Les pays de la normalisation ,présents à l'unanimité n'ont à aucun moment pensé ou avancé le moindre vœu de rompre leur relations avec l'entité sioniste. Ça aurait été le premier pas qui allait marquer la véritable grogne et ainsi signifier valablement la fermeté d'un conglomérat qui ne compte plus sur l'échiquier international. Avec cette initiative à l'apparence presque impossible, tous les compteurs de calculs sionistes seront remis à zéro. Une nouvelle phase sera ainsi mise en relief où la normalisation ne serait qu'une réponse à un cessez-le-feu immédiat à Ghaza, la reconnaissance d'un Etat palestinien libre et indépendant. Israël ne tient compte que du rapport de force. Pour que les arabes puissent mener encore une guerre et y tenir tête, cela fait partie des miracles. Néanmoins actionner des actions rédemptrices est à portée de main. Arrêter tout contact du simple petit commerce à l'interdiction du survol des espaces aériens. Boycotter tout produit, manifestations de toute nature où sa présence s'y remarquerait. A décharge de ce sont, au point 24 du communiqué, beaucoup d'allusions sont faites sans ce sens,sans pour autant ,avoir eu le courage de les déclarer clairement. Telle, la mise en œuvre des arrêts de la cour internationale de justice ou de la cour pénale internationale statuant sur l'arrestation de Neten-yahu, coupable de crime de guerre.

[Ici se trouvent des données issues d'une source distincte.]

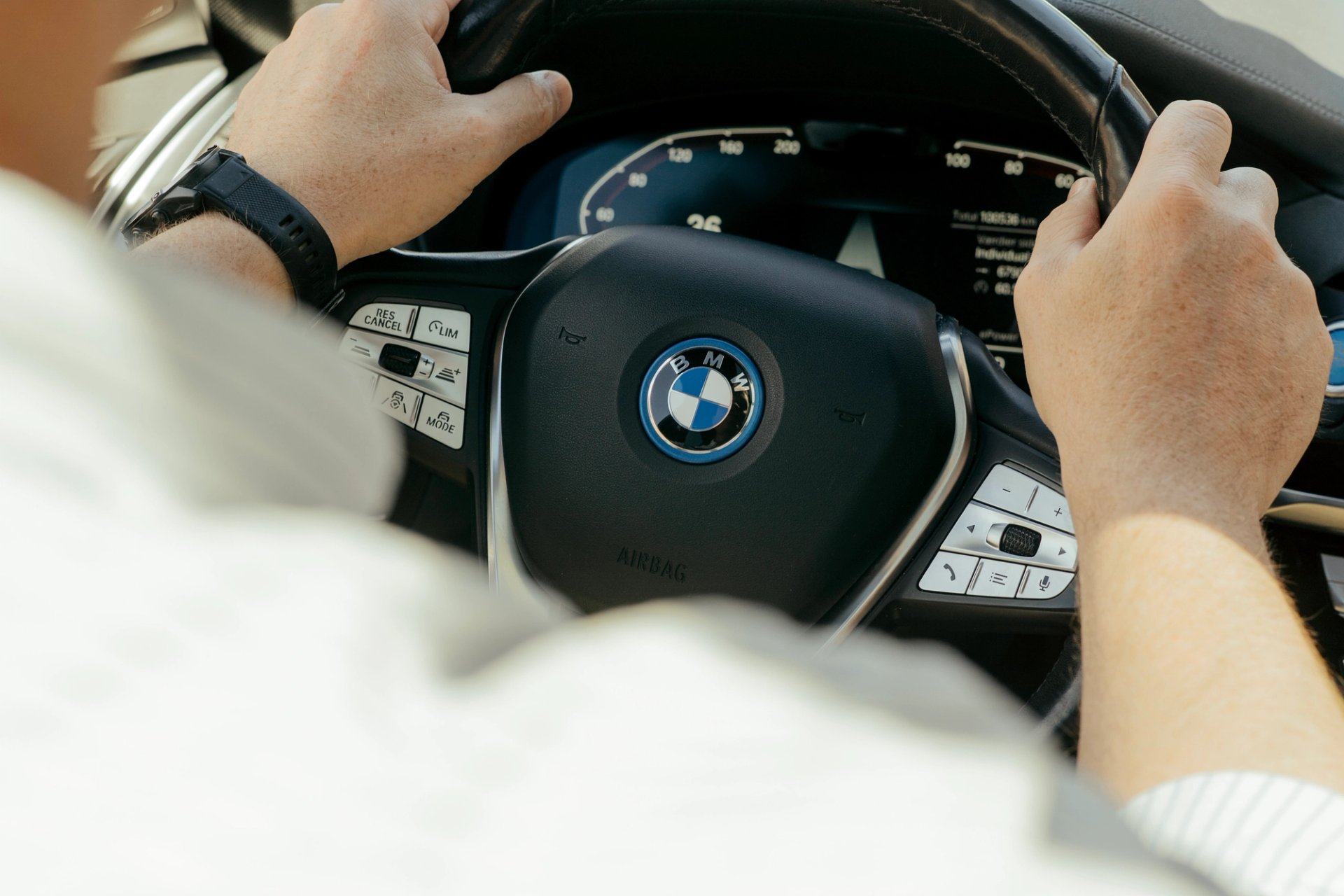 Interiør i en BMW firmabil med digital instrumentering og moderne teknologi som en del af en operationel leasingløsning.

Le monde arabo-musulman d'en-bas n'attendait pas de simples conciliabules. Il souhaitait voir la prise de mesures concrètes et non pas les situant au niveau de l'intention.

Israël semble les tenir bien à l'abri des soubresauts populaires . Leurs peuples n'en veulent plus de cette situation qui les positionne, sentent-ils dans l'inertie de pouvoir agir. Les contestations de rue le prouvent, malgré la main de fer qui y sévit .

Le monde arabe restera tel qu'il est, au moment où l'autre bouge à grands pas et s'articule à changer à son avantage tous les équilibres mondiaux.